Exercise description: Only some lines are wanted. Transcribe, exactly, the lines below from the line with "Before I say" up to and including the line with "Hi, this is".

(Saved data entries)
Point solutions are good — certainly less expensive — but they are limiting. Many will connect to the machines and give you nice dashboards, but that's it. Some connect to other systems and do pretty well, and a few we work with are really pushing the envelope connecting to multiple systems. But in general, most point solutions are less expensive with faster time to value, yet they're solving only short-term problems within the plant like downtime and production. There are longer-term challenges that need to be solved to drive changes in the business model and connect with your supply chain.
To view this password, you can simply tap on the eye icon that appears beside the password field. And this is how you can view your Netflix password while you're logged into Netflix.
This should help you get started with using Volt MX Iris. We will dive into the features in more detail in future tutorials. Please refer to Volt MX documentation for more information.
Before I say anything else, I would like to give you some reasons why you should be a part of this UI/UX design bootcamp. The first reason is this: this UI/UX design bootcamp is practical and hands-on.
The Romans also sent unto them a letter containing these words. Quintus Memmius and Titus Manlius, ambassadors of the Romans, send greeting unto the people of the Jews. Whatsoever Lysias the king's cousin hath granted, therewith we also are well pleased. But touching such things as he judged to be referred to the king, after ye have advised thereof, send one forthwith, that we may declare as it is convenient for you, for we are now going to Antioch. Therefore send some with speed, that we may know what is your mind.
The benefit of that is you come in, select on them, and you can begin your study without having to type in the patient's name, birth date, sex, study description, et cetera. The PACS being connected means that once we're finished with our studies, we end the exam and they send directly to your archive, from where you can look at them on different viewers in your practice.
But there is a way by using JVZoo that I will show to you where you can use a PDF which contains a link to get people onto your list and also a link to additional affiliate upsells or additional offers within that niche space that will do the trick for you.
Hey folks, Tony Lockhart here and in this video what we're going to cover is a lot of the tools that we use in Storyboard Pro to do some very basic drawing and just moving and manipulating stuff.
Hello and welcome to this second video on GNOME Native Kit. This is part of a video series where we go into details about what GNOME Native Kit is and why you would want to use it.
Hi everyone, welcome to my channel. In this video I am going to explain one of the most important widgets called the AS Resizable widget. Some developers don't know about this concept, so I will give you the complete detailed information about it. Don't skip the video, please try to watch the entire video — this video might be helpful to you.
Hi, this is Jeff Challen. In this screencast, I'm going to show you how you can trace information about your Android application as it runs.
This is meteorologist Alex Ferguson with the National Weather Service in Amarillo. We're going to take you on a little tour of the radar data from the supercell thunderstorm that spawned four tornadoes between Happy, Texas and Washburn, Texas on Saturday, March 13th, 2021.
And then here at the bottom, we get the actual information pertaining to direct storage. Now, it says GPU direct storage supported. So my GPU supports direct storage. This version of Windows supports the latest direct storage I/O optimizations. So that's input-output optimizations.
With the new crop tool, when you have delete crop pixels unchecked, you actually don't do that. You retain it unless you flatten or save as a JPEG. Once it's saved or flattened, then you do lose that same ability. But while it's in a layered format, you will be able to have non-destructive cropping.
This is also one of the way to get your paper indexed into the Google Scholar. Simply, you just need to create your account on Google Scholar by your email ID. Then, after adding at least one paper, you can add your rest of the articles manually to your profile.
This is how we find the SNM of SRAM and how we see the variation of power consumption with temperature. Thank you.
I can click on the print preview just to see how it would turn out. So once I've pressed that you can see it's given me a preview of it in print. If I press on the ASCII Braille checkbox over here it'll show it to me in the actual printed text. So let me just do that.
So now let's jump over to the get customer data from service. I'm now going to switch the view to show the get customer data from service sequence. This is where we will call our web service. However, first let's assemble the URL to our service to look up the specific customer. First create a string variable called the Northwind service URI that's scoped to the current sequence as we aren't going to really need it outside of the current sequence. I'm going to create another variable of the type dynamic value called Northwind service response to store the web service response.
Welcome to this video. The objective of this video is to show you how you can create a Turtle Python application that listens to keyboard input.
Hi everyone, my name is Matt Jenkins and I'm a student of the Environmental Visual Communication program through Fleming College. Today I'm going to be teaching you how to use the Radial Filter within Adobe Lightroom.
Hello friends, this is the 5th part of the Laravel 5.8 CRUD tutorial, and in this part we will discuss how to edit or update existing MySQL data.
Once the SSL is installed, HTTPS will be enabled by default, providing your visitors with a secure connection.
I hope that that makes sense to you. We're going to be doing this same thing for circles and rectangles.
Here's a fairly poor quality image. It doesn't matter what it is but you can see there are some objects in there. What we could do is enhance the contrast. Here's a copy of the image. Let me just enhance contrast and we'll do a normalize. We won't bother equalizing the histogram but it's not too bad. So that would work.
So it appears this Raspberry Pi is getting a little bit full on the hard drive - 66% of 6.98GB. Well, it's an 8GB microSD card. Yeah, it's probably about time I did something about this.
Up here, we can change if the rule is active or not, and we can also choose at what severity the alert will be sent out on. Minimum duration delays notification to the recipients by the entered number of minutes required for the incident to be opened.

Answer section:
Before I say anything else, I would like to give you some reasons why you should be a part of this UI/UX design bootcamp. The first reason is this: this UI/UX design bootcamp is practical and hands-on.
The Romans also sent unto them a letter containing these words. Quintus Memmius and Titus Manlius, ambassadors of the Romans, send greeting unto the people of the Jews. Whatsoever Lysias the king's cousin hath granted, therewith we also are well pleased. But touching such things as he judged to be referred to the king, after ye have advised thereof, send one forthwith, that we may declare as it is convenient for you, for we are now going to Antioch. Therefore send some with speed, that we may know what is your mind.
The benefit of that is you come in, select on them, and you can begin your study without having to type in the patient's name, birth date, sex, study description, et cetera. The PACS being connected means that once we're finished with our studies, we end the exam and they send directly to your archive, from where you can look at them on different viewers in your practice.
But there is a way by using JVZoo that I will show to you where you can use a PDF which contains a link to get people onto your list and also a link to additional affiliate upsells or additional offers within that niche space that will do the trick for you.
Hey folks, Tony Lockhart here and in this video what we're going to cover is a lot of the tools that we use in Storyboard Pro to do some very basic drawing and just moving and manipulating stuff.
Hello and welcome to this second video on GNOME Native Kit. This is part of a video series where we go into details about what GNOME Native Kit is and why you would want to use it.
Hi everyone, welcome to my channel. In this video I am going to explain one of the most important widgets called the AS Resizable widget. Some developers don't know about this concept, so I will give you the complete detailed information about it. Don't skip the video, please try to watch the entire video — this video might be helpful to you.
Hi, this is Jeff Challen. In this screencast, I'm going to show you how you can trace information about your Android application as it runs.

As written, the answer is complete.